To make dispatch decisions, a dispatcher can utilize an in-memory rule execution engine that processes a set of dispatch rules based on dispatch decision data. For example, dispatch decision data can include facility data related to the substrate fabrication facility. Dispatch decision data can include data reflecting a state of the substrate fabrication facility and/or factors that can affect dispatching (e.g., task scheduling and execution among the substrate processing tools). Examples of dispatch decision data can include, for example, lot information, substrate processing tool information (e.g., substrate processing tool capability and/or availability), route information, process recipe information, production goals, etc. Examples of dispatch rules can include, and are not limited to, select the highest priority substrate lot to work on next, select a substrate lot that uses the same set up which the tool is currently configured for, package items when a purchase order is complete, ship items when packaging is complete, etc. For example, the dispatch decision to be made may be “where a substrate lot should be processed next,” and the dispatch rule that may be used to make the decision may be to “select the highest priority substrate lot to work on next and select a substrate lot that uses the same set up which the substrate processing tool is currently configured for.

In some systems, dispatching rules can be configured using dispatching factors such as, for example, dispatching parameters and/or a dispatching ranking order. A dispatching parameter can, for example, be any value or criterion used to determine or configure how a dispatching rule operates.

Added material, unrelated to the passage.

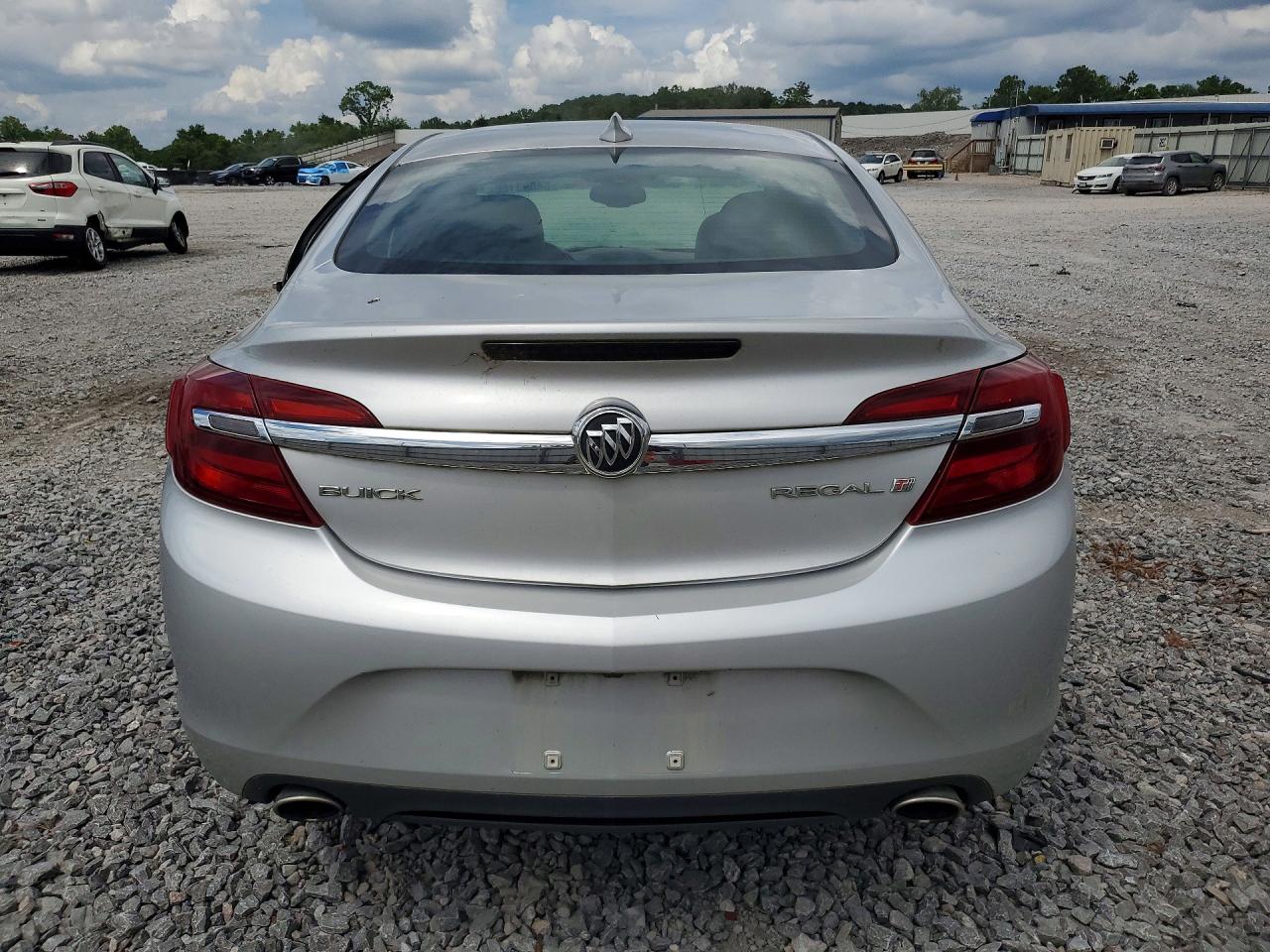 2015 Buick Regal Silver vin: 2G4GK5EX3F9188177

For example, a dispatching parameter can include threshold values for bucket boundaries, values indicative of the relative importance of two ranking factors (e.g., a parameter that controls the relative preference of running lots on high-yield tools versus running lots as quickly as possible to meet on-time delivery requirements), batching parameters (e.g., the maximum time to wait for a full lot or batch to process), bottleneck tool indicators (e.g., which process chambers can cause a bottleneck in production, such as, for example, a process chamber preforming lithography processing), overload thresholds (e.g., the amount of work to be queued in front of a tool for the tool to be considered overloaded), and so forth. In an illustrative example of bucket boundaries, a first bucket for queue time limits can include a lower threshold limit of 10 minutes and an upper threshold limit of less than 12 minutes, a second bucket for queue time limits can include a lower threshold limit of 12 minutes and an upper threshold limit of less than 14 minutes, and so forth. The dispatching ranking order can include one or more ranking factors used to order a set of lots or substrates in a dispatching order. A dispatching rule can apply the ranking order in a specified order to rank a set of lots or substrates. For example, the ranking order can first sort candidate lots based on queue time constraints, then sort based on lot priority, then sort based on feeding downstream bottlenecks, then based on critical ratio buckets, then tie break using arrival time. A time constraint can refer to a limitation or protocol in which, after an operation is performed at the fabrication facility, a subsequent operation is to be completed within a particular amount of time. For example, the fabrication facility can be subject to a time constraint where the etch process is to be performed for the substrate within a particular number of hours (e.g., 12 hours) after the coating is deposited on the surface of a substrate. If the time constraint is not satisfied (e.g., if the etch process is not performed within the particular number of hours), the substrate can become defective and unusable.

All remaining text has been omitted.